Siamo disposti a vivere questo Natale in un desiderio vivo di una vita nuova, in una attesa viva di qualche cosa che veramente trasformi fino nelle radici la nostra vita e l'essere nostro? C'è in tutti noi certo, un desiderio di essere migliori, ma attenti, questo essere migliori non mi soddisfa. Essere migliori vuol dire che c'è una continuità di cammino in un certo processo etico della vita per il quale cerchiamo pian piano di modificare il nostro carattere, di modificare il nostro modo di sentire e di vivere, ma tutto questo è proprio dell'uomo, il quale vive secondo una norma che è quella di vivere come si deve vivere, di essere quello che deve essere. Ma qui non si tratta di essere quello che dobbiamo, si tratta di divenire, in qualche modo, compagni di Dio, in qualche modo amici di Dio, cioè di trascendere infinitamente l'umano. Attendere a Dio non si può che in quanto noi viviamo un salto qualitativo, non in quanto camminiamo. Camminare non ci porta mai lontano, non ci porta mai più vicini a Dio, perché non c'è una vicinanza di Dio: o sei in Dio o non sei.
Infatti, voi lo sapete benissimo, uno che abbia ammazzato cinquecento persone, se si converte e si pente, è subito in Dio perché la vita divina non si raggiunge attraverso un cammino, ma attraverso una rottura. È quello che si diceva: l'incontro con Dio opera una frattura nell'uomo, è sempre un morire e risorgere. Noi dobbiamo capire questo. Molto spesso abbiamo concepito la vita cristiana come un cammino continuo. Non è un cammino continuo; anche se c'è un processo nella vita cristiana, questo processo però avviene attraverso un continuo morire e un continuo risorgere.

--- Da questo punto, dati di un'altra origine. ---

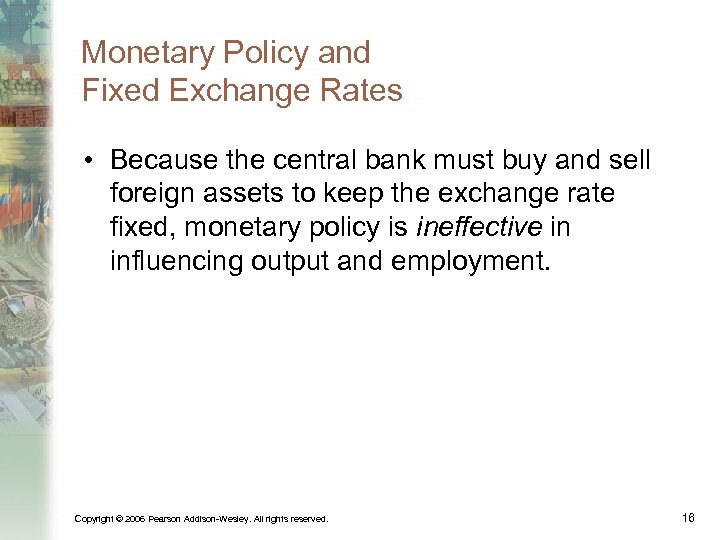 Monetary Policy and Fixed Exchange Rates • Because the central bank must buy and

Come tante altre volte si è detto anche in Comunità, la vita cristiana implica. per sé una conversione perenne. Cos'è la conversione perenne? È uno strapparci alle proprie radici, è un tendere verso Dio, è un essere presi da Lui. Tutto questo vuol dire continuamente morire a noi stessi per risorgere in Lui, in un modo sempre nuovo, perché Dio rimane sempre l'eterna Novità, ma è sempre un morire e risorgere.
Ora, per vivere il Natale, bisogna dunque sentire prima di tutto il bisogno di morire a noi stessi, bisogna sentire e vivere questa volontà di morire a noi stessi per essere presi da Lui, posseduti da Lui. Sentiamo tutto questo? Sentiamo, come sentivano i primitivi anche nella religione cosmica, che ogni anno la creazione precipita come nel vuoto, come nel nulla, come nella morte e Dio la riprende sempre all'ultimo tuffo per farla rivivere? Noi qualche cosa di simile dobbiamo vivere nel nostro rapporto con Dio. La continuità è soltanto apparente; perché di fatto, se tu non muori a te stesso, le tue virtù di oggi divengano, invece che virtù, impedimento all'unione con Dio.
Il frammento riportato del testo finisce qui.